# First Injected Turkey.....Could use some help



## BandCollector (Nov 16, 2009)

Looking to smoke a turkey this Thanksgiving and have heard that injecting the bird results in a great tasting moist bird............That's for me!

Can anyone help with any super injection recipes?

Thanks,  John


----------



## bmudd14474 (Nov 16, 2009)

I havent injected too many times so I am not a great help here. I usually brine and it turns out great.  Check this link out. I hear its great. I will be trying it this year. http://www.smokingmeatforums.com/for...20&postcount=3


----------



## fire it up (Nov 16, 2009)

I can also vouch for Tip's injection recipe, good stuff.

Also popular is injecting with cajun seasoning and butter, or you could do a honey injection or a savory herb and butter injection.


----------



## richoso1 (Nov 16, 2009)

What he said works for me.


----------



## BandCollector (Nov 16, 2009)

These sound good.......Can you offer any amounts for the ingredients?

Thanks,  John


----------



## beer-b-q (Nov 17, 2009)

I use Cajun Injector Marinades and really like them, they can be found in most grocery stores also...

http://www.cajuninjector.com/cajun-i...injectors.html


----------



## BandCollector (Nov 17, 2009)

Thanks to all that replied.......I will give the Cajun Marinades and Injectors  a look.

Thanks again,  John


----------



## mballi3011 (Nov 17, 2009)

I have injected a many of turkeys too but not for smoking but they were for fring the birds and it works.

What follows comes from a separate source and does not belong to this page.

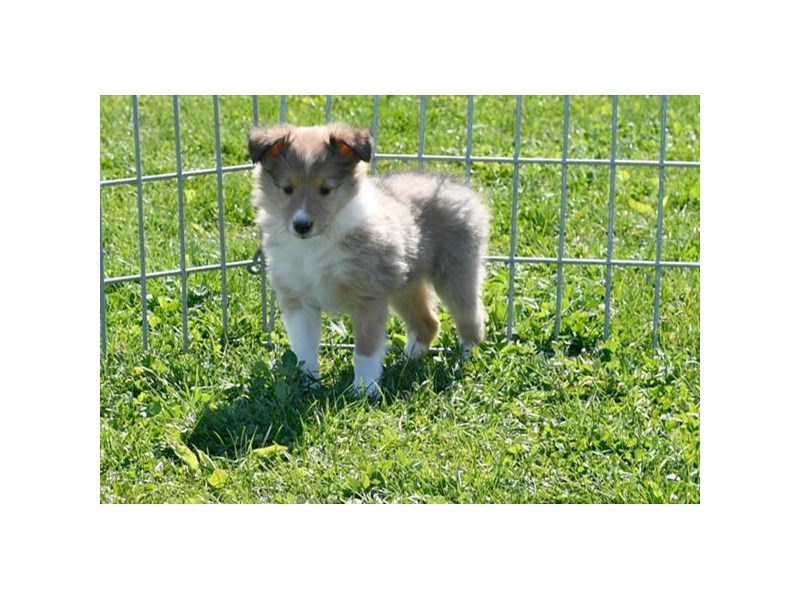Shetland Sheepdog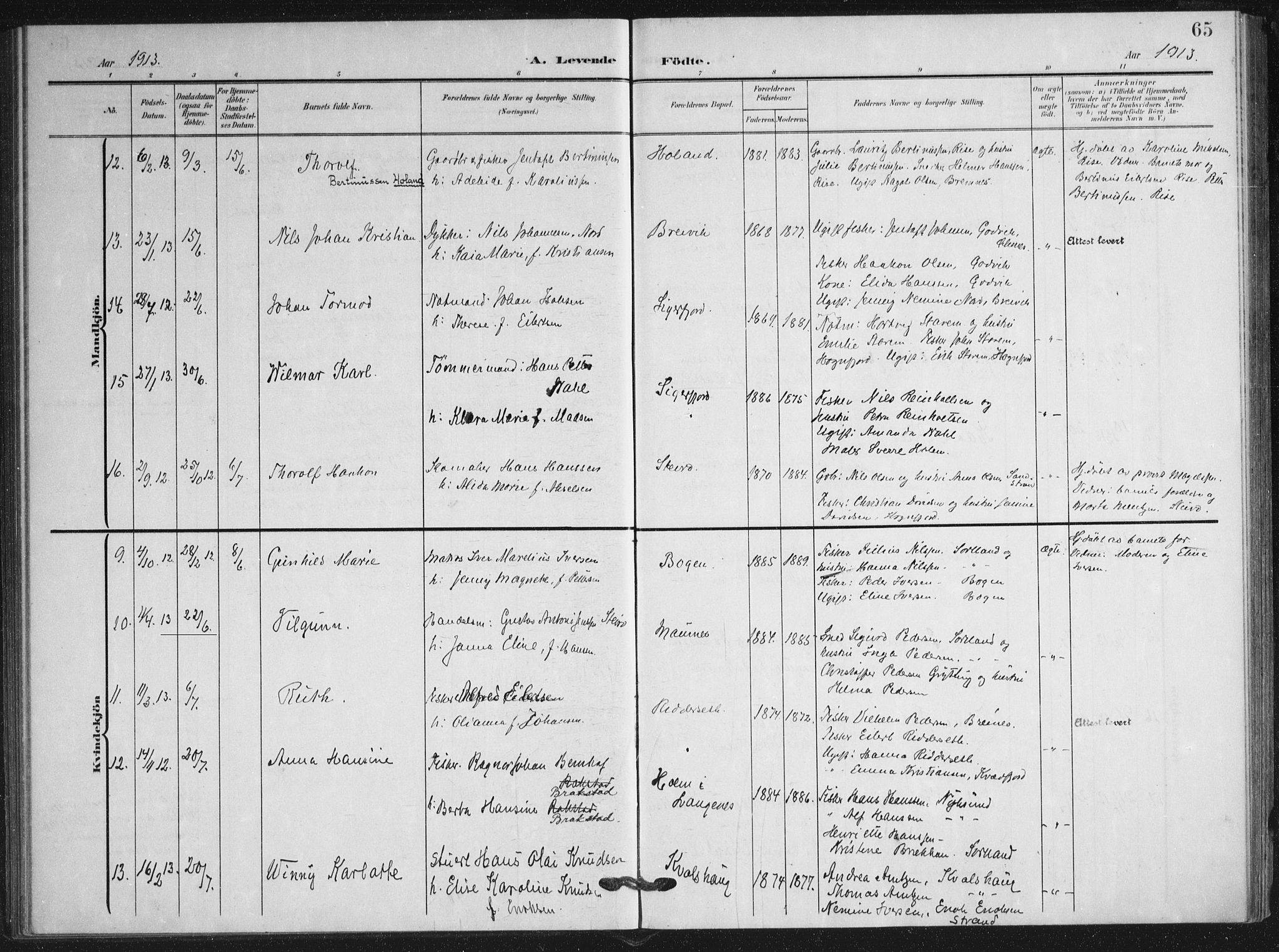 Ministerialprotokoller, klokkerbøker og fødselsregistre - Nordland, AV/SAT-A-1459/895/L1373: Ministerialbok nr. 895A08, 1905-1915, s. 65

I have usually used that cajun butter injection many of times and it's good. Now Jim (fire it up) has injected many birds he said before smoking and I'm doing several birds this year and I will try aleast one if not more with this injection. So go for it and let us know.


----------



## bassman (Nov 17, 2009)

I agree with using cajuninjector marinades.  The Creole butter is probably the best for turkey.  I have used these for many years with great success.


----------